Data for processing:

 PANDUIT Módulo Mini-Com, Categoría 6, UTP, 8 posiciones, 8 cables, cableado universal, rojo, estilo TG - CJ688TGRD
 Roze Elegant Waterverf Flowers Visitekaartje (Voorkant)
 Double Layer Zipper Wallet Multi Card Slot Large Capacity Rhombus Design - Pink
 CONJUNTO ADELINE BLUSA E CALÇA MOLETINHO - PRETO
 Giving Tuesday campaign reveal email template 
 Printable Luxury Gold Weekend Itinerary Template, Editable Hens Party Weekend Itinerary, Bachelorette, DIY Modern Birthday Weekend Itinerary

* * *

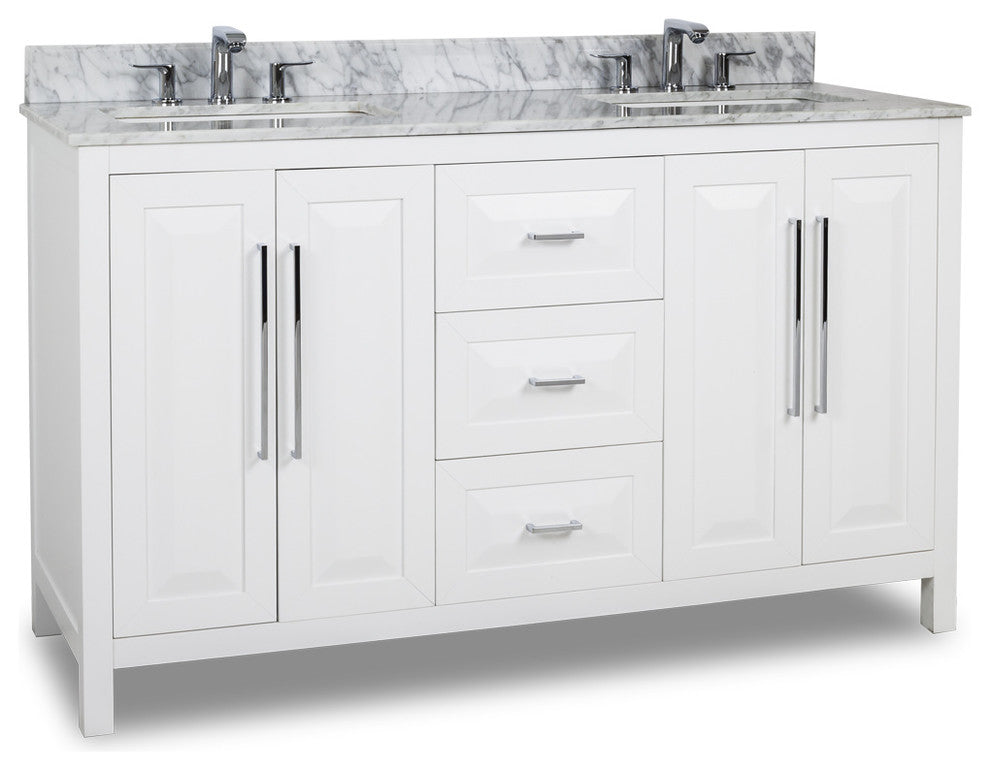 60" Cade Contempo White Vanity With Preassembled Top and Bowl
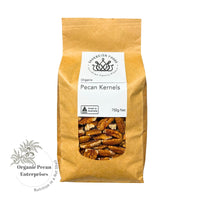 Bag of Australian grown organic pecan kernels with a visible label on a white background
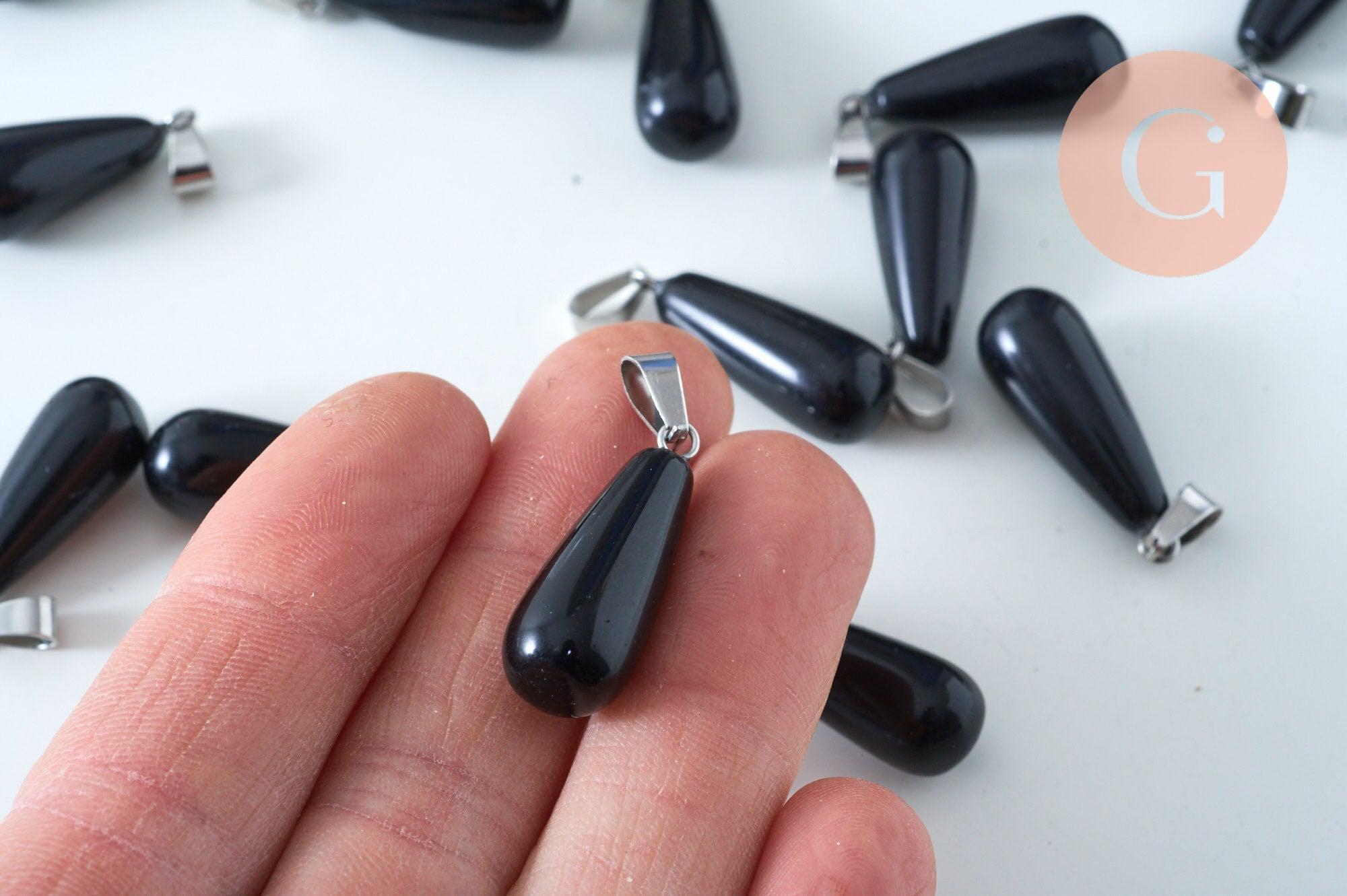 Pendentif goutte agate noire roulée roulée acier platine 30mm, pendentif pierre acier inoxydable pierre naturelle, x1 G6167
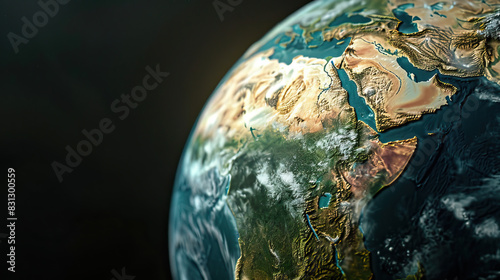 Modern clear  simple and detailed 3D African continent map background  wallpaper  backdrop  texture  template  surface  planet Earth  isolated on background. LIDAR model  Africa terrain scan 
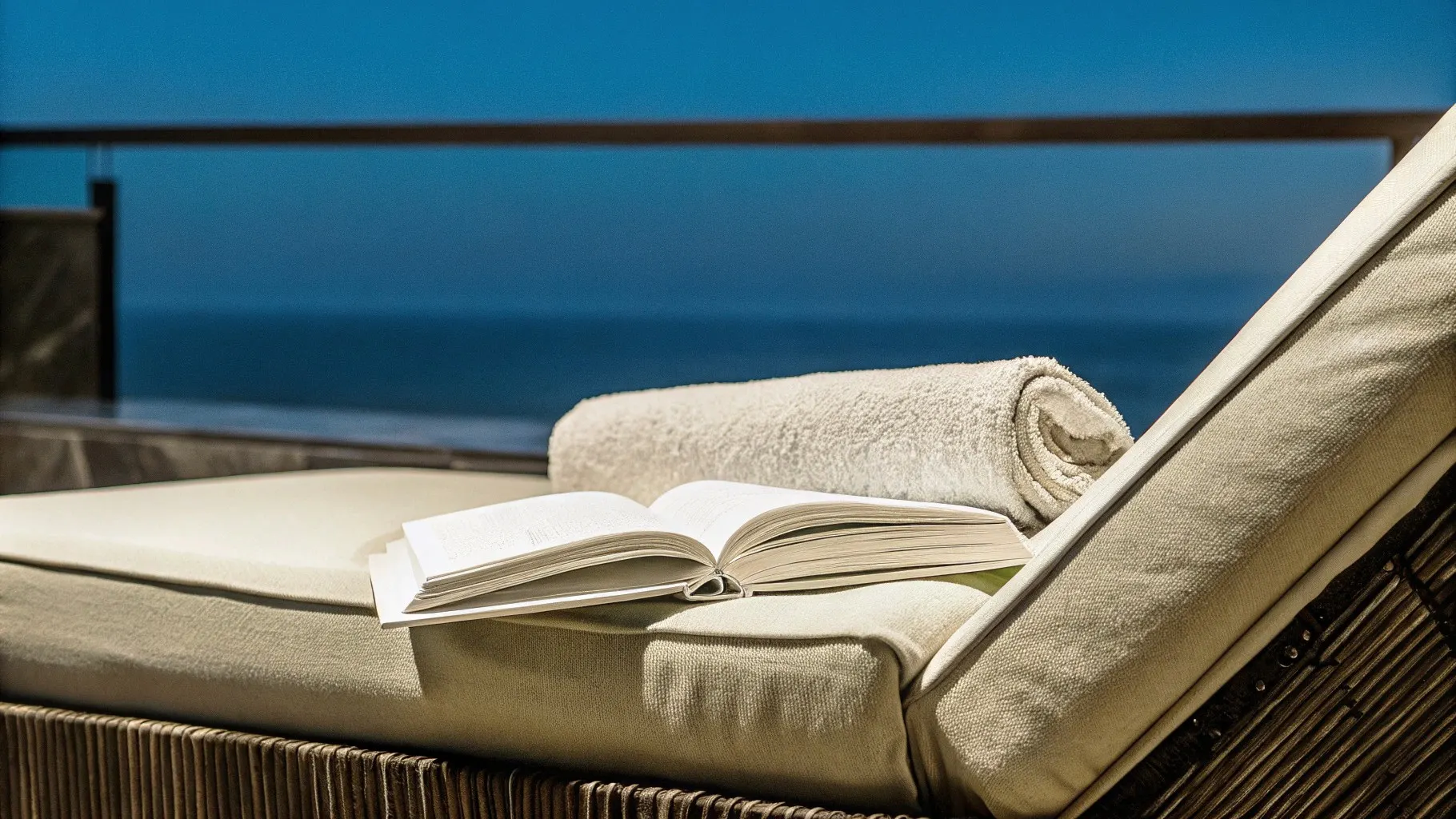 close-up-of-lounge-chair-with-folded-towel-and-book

==

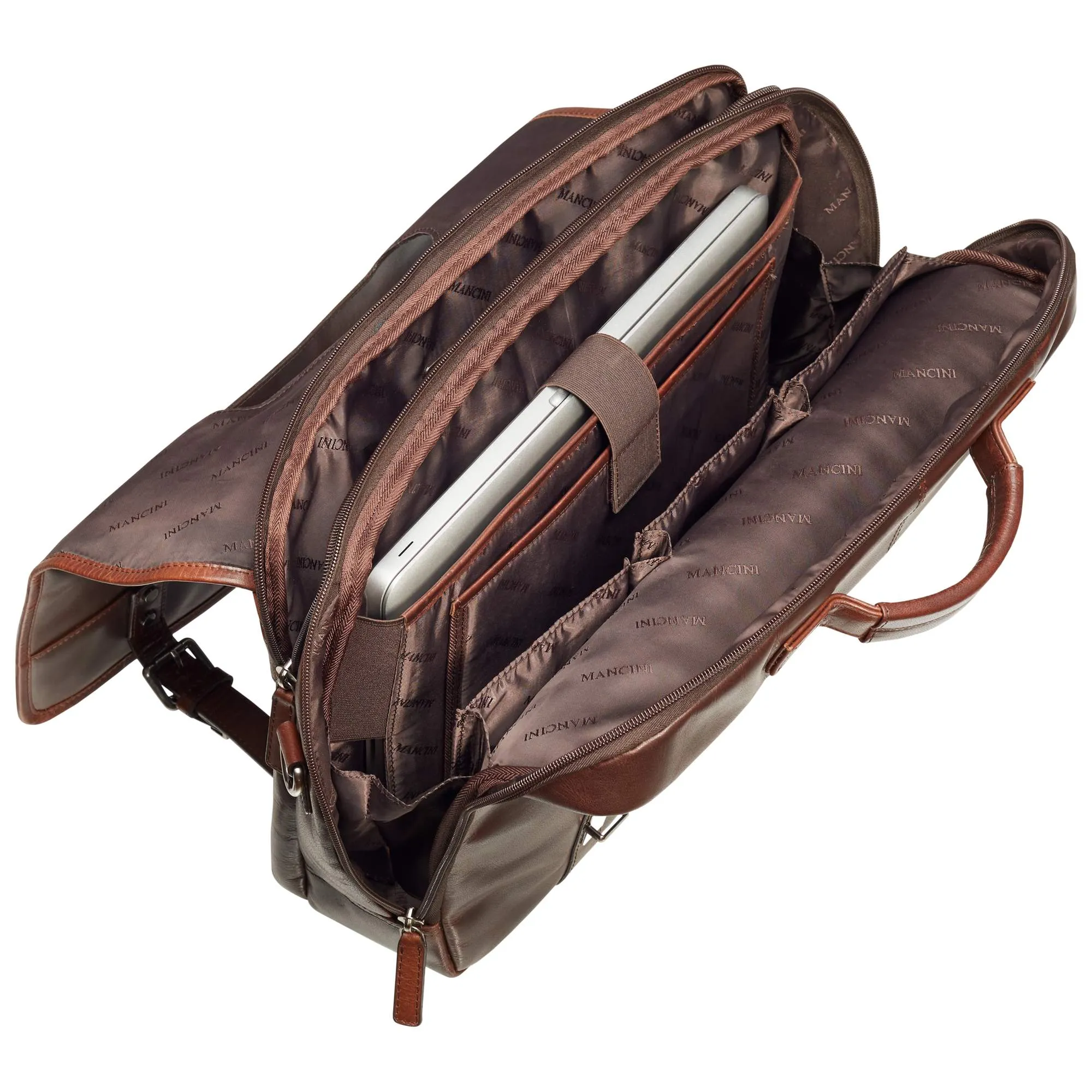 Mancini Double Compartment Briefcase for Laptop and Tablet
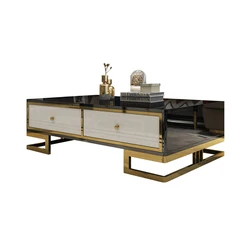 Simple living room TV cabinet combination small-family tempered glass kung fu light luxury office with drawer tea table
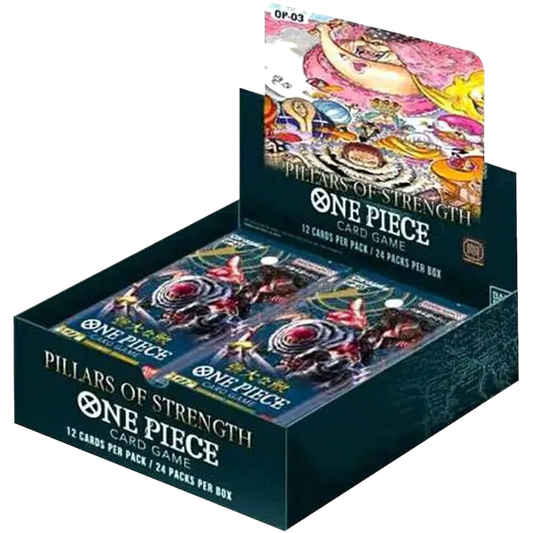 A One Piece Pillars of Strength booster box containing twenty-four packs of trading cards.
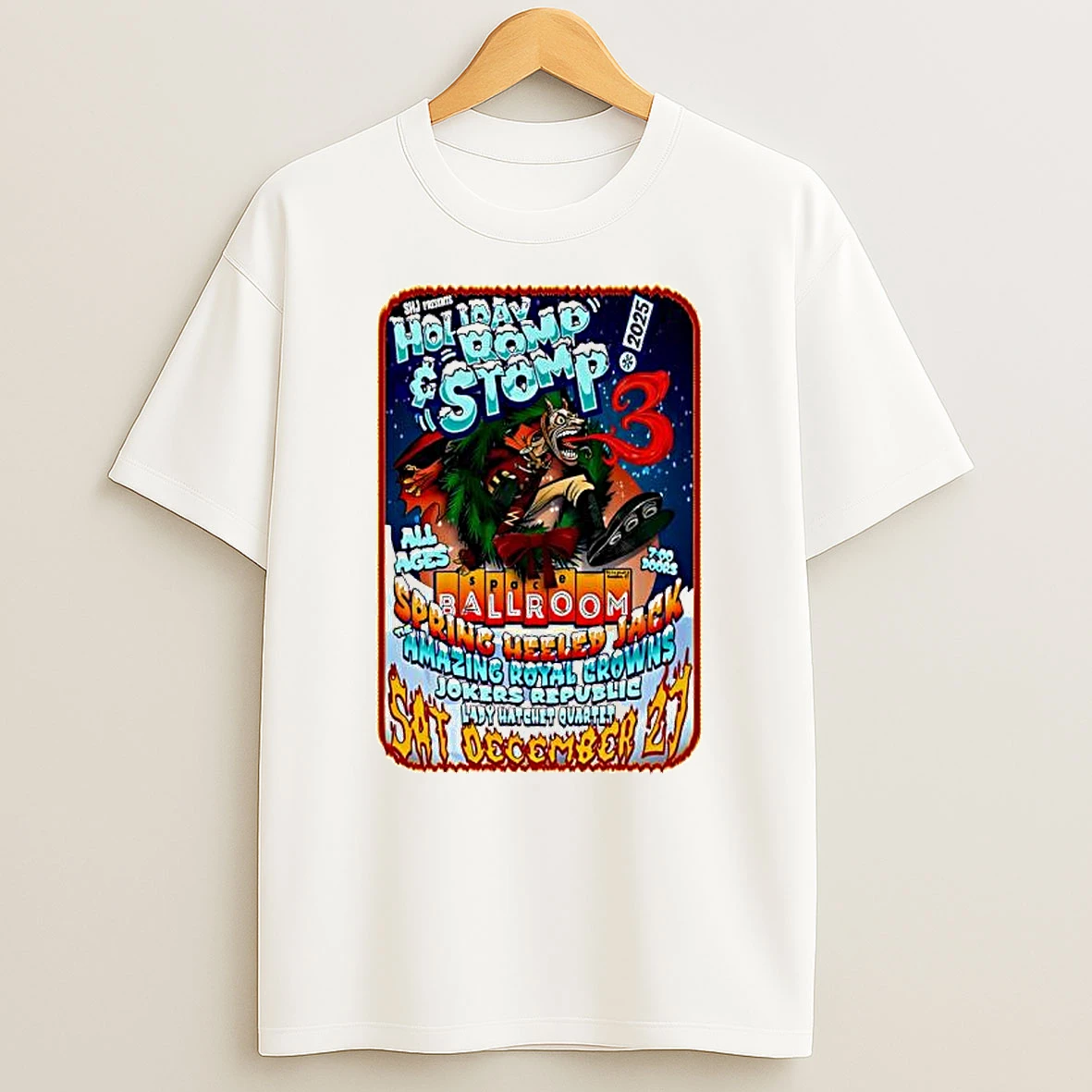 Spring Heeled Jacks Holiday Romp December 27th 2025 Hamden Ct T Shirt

Exercise goal: A clean copy is needed of the lines in the listing above from the one with "Simple living room" through the one with "Spring Heeled Jacks", exact in every word and free of pictures.

Written solution:
 Simple living room TV cabinet combination small-family tempered glass kung fu light luxury office with drawer tea table
 A One Piece Pillars of Strength booster box containing twenty-four packs of trading cards.
 Spring Heeled Jacks Holiday Romp December 27th 2025 Hamden Ct T Shirt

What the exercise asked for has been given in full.